**Exercise requirements:** From the line with "Socialize with the Other Players" to the line with "Custom Carpentry for", retype every line exactly, including those two, and leave out the rest of the data below.

**Information given:**
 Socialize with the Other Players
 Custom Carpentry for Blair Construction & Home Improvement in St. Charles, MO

---

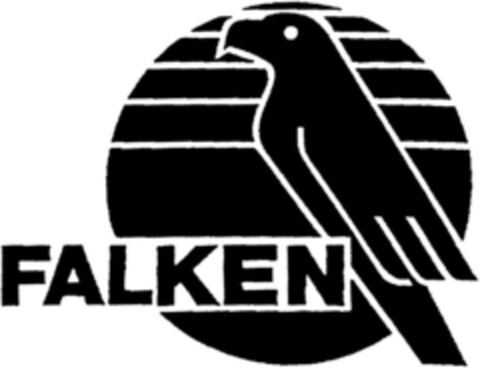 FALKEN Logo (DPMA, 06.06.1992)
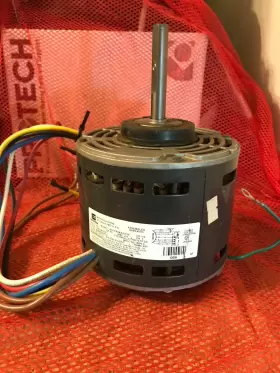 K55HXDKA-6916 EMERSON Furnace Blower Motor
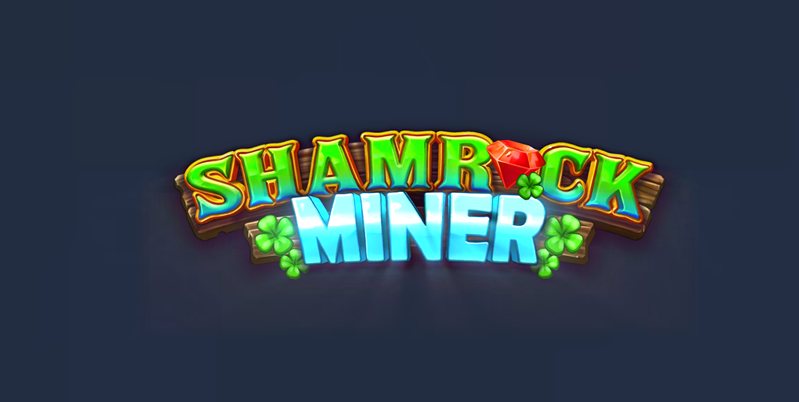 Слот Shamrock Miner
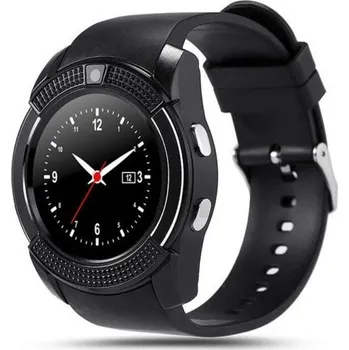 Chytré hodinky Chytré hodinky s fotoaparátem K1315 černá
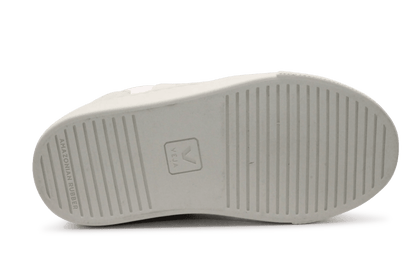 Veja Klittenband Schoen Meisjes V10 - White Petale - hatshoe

---

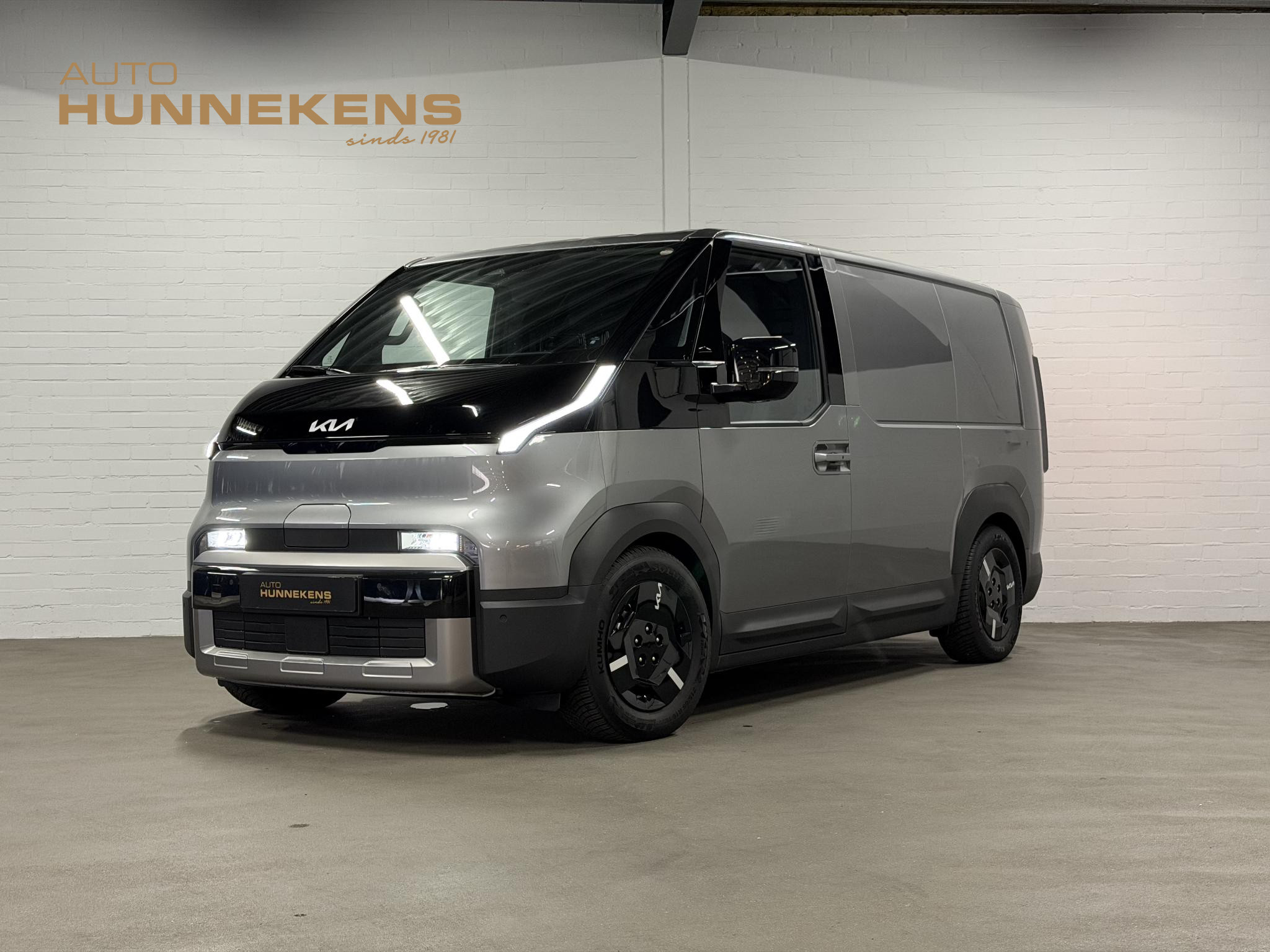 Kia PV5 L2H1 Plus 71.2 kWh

**Answer to the problem:**
 Socialize with the Other Players
 Custom Carpentry for Blair Construction & Home Improvement in St. Charles, MO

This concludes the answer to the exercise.